_PROBLEM DETAILS_
Copy, exactly and without additions, every line in the records below from the one holding "volvo-v60-2-0-d3-2018-diesel-1969cc" through the one holding "Main image of", both ends included.

_AVAILABLE DATA_
* * * * * * * * *
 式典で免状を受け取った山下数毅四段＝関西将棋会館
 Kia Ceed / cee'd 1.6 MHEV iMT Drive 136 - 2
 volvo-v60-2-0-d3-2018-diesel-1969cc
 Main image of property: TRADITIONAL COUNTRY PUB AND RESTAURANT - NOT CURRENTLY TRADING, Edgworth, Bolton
* * * * * * * * *
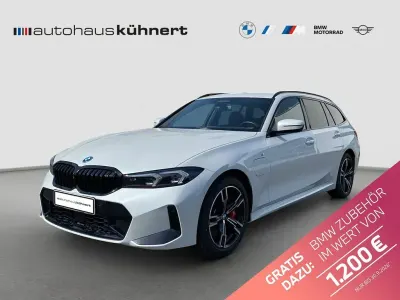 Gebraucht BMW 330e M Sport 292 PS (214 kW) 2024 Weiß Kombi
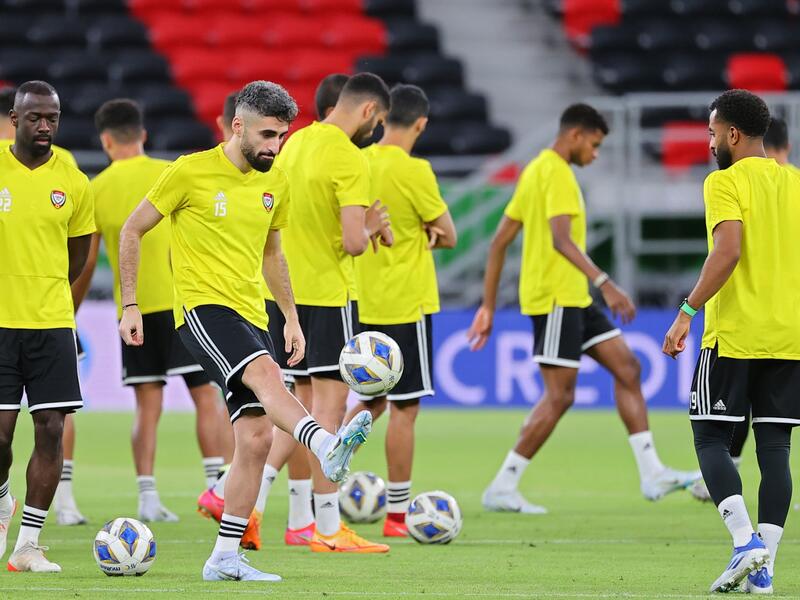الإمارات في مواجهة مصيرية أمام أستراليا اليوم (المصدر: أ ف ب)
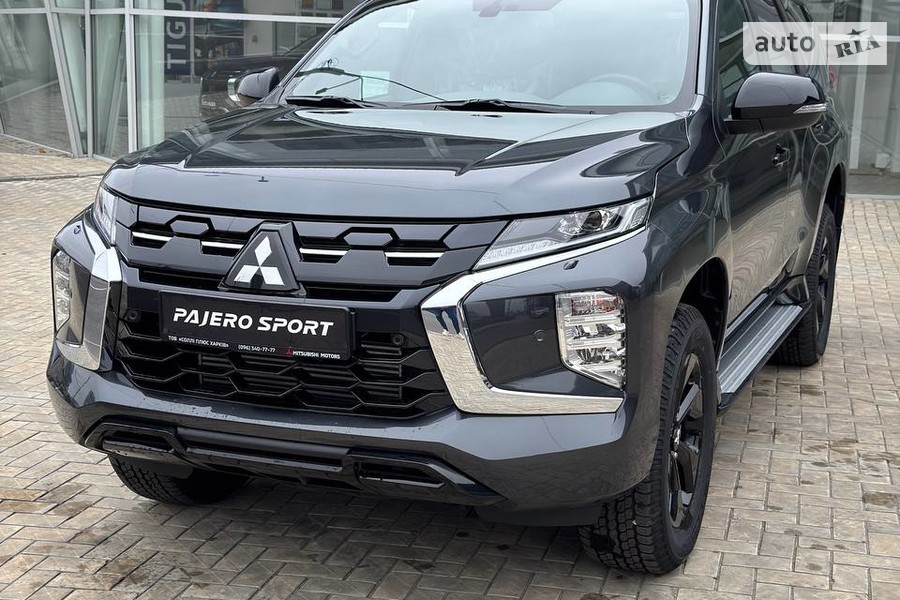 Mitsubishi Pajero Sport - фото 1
* * * * * * * * *
_RESPONSE_
 volvo-v60-2-0-d3-2018-diesel-1969cc
 Main image of property: TRADITIONAL COUNTRY PUB AND RESTAURANT - NOT CURRENTLY TRADING, Edgworth, Bolton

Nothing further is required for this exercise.